Intervention de Miguel Benasayag lors de l’exposition Vita Nova – Festival vivant – 18 et 19 septembre 2015
Ces promesses d’un vivant toujours plus préhensible s’inscrivent dans un contexte plus large. À l’ère du digital, l’Homme a en effet entamé sa troisième rupture historique, après l’émergence de la langue, puis de l’écriture. Ainsi, l’expérience d’un individu lui est de plus en plus transmise, et non plus vécue. Le corps n’a jamais semblé aussi obsolète face à la « vraie vie » parlée, écrite et digitalisée. On retrouve ici l’idée du corps-simulacre de Platon, au point de se poser la question : l’Homme serait-il tenté de se libérer des corps ? En finir avec la finitude ? A moins que la matérialité des corps reste essentielle ? (Com)prendre le vivant ne serait-il pas un moyen de nous améliorer ?
Miguel Benasayag propose d’explorer cette perspective. Si l’hybridation a déjà commencé, alors ne la rejetons pas mais trouvons le sens vital qu’elle peut ouvrir. Ce qu’il préconise, c’est une hybridation qui « réalise le potentiel de la nature au lieu de la brider ». En somme, une hybridation qui s’oppose au courant dominant du « tout possible » et qui saurait au contraire se poser des limites.
En effet, concevoir l’hybridation, c’est créer des rapports entre l’artefact et l’organisme. L’artefact, c’est l’objet artificiel, figé et modélisable, dont les failles ne sont que des défauts à combler ; chaque pièce est interchangeable (en terme kantien, il s’agit d’une grandeur extensive). L’organisme, vivant, dynamique, voit, lui, son existence inscrite dans un perpétuel devenir. Contrairement à l’artefact, il est défini par ses failles ; sa vulnérabilité le pousse à évoluer, l’inscrit dans une histoire.

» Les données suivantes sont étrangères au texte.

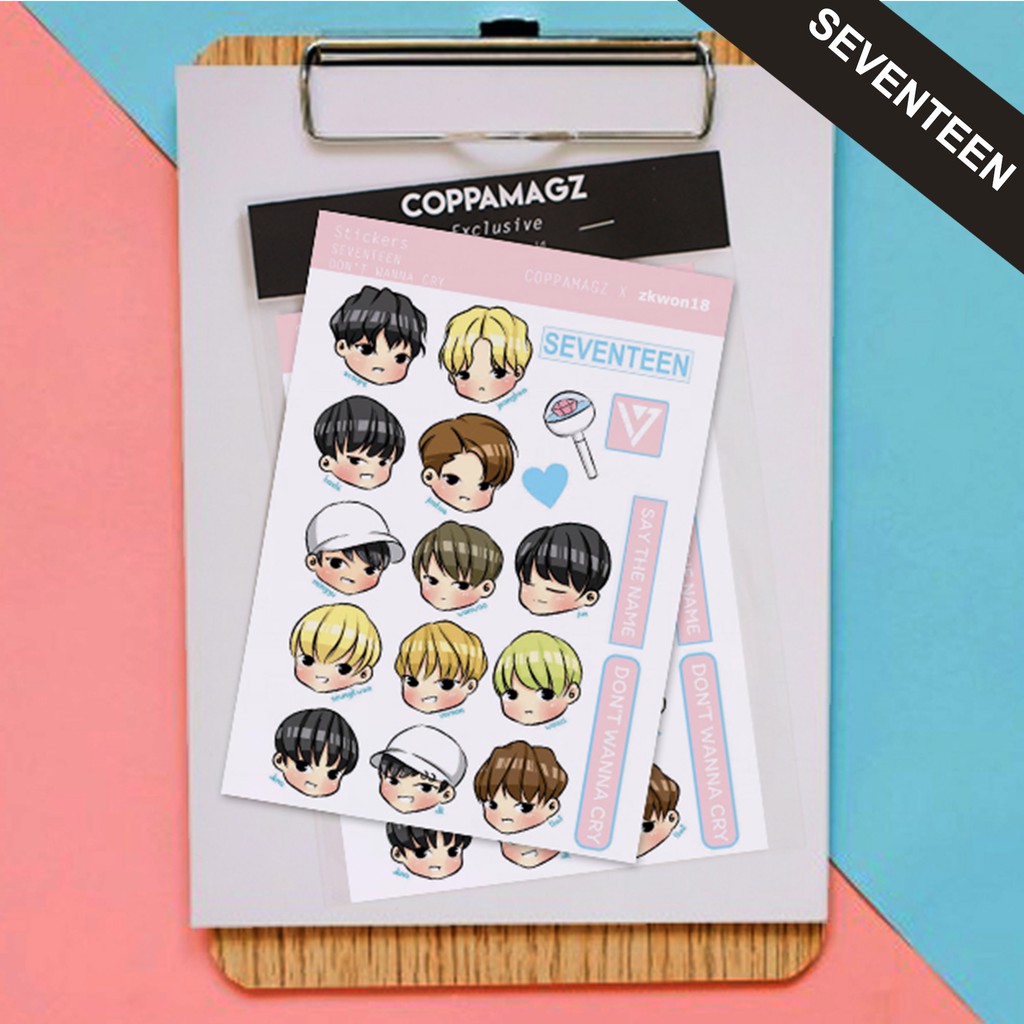 Manual Cut Sticker Kpop SVT SEVENTEEN - DON't WANNA CRY | Shopee Singapore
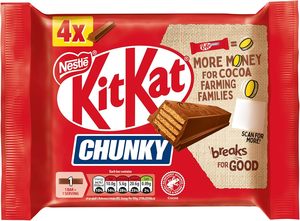 Wholesale Supply of KitKat Chunky Milk Chocolate Bar <b>Multipack</b> 4 x 40g Crispy Wafer <b>Sweet</b> Snack Confectionery Bulk Pack Treats - Product Image 6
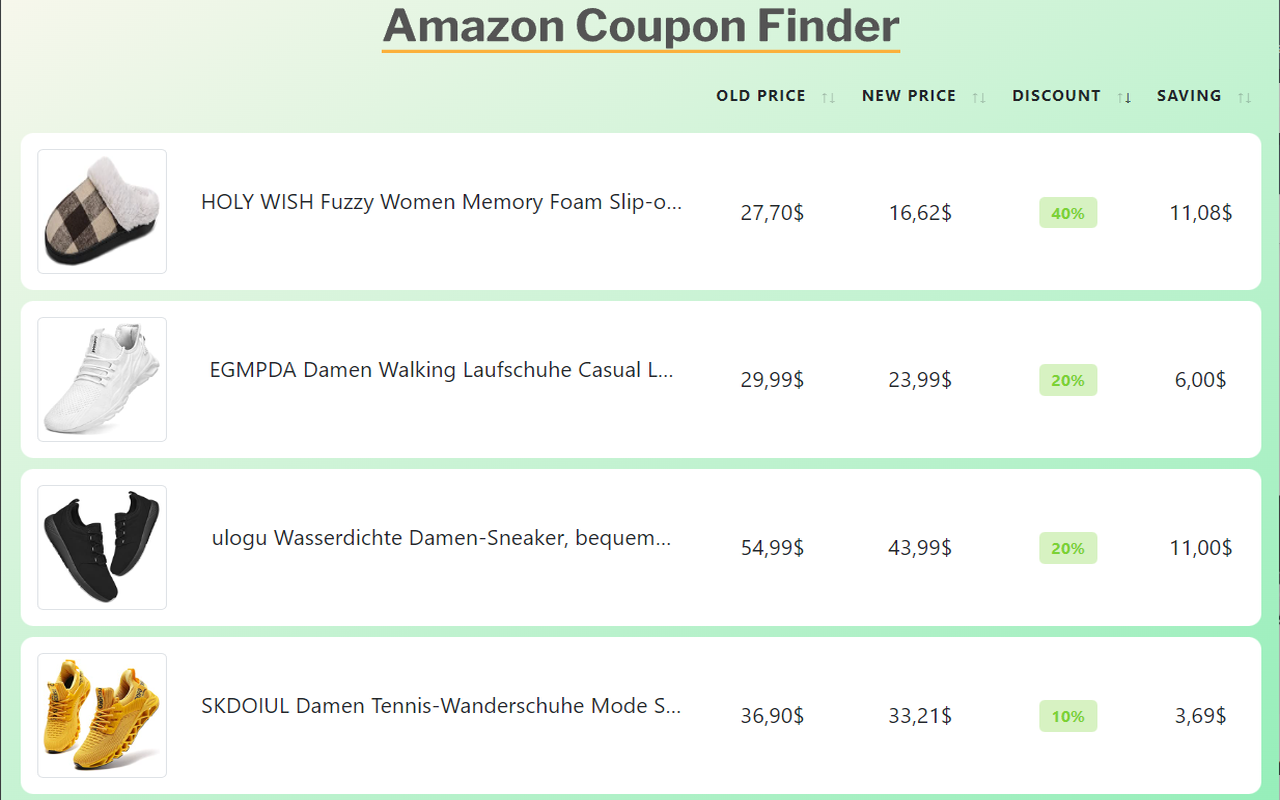 Amazon Coupon finder截图2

Cette relation intensive, subtile du vivant nous échappe encore ; elle se heurte à nos modèles et à nos prédictions. C’est pourquoi la synthèse computationnelle n’en est qu’à ses balbutiements, ou encore pourquoi les plans quinquennaux imposés en URSS furent des désastres humains. « Quand le pouvoir prend pour objet la vie, la vie elle-même devient résistance » nous prévenait déjà Michel Foucault.
Les effets de cette hybridation artéfactuelle se font déjà sentir. L’utilisation du GPS peut entraîner une atrophie de l’hippocampe, donc de la mémoire spatiale ; les utilisateurs d’outils quantified self, qui consistent à recueillir les données corporelles afin d’améliorer le mode de vie, voient un dérèglement de leur homéostasie (capacité d’un système à conserver son équilibre de fonctionnement en dépit des contraintes qui lui sont extérieures). On a délégué nos fonctions naturelles à des gadgets sans se rendre compte des effets de cette déprivation sensorielle et des conséquences cérébrales. La technologie ne change pas uniquement nos habitudes, elle change aussi notre anatomie.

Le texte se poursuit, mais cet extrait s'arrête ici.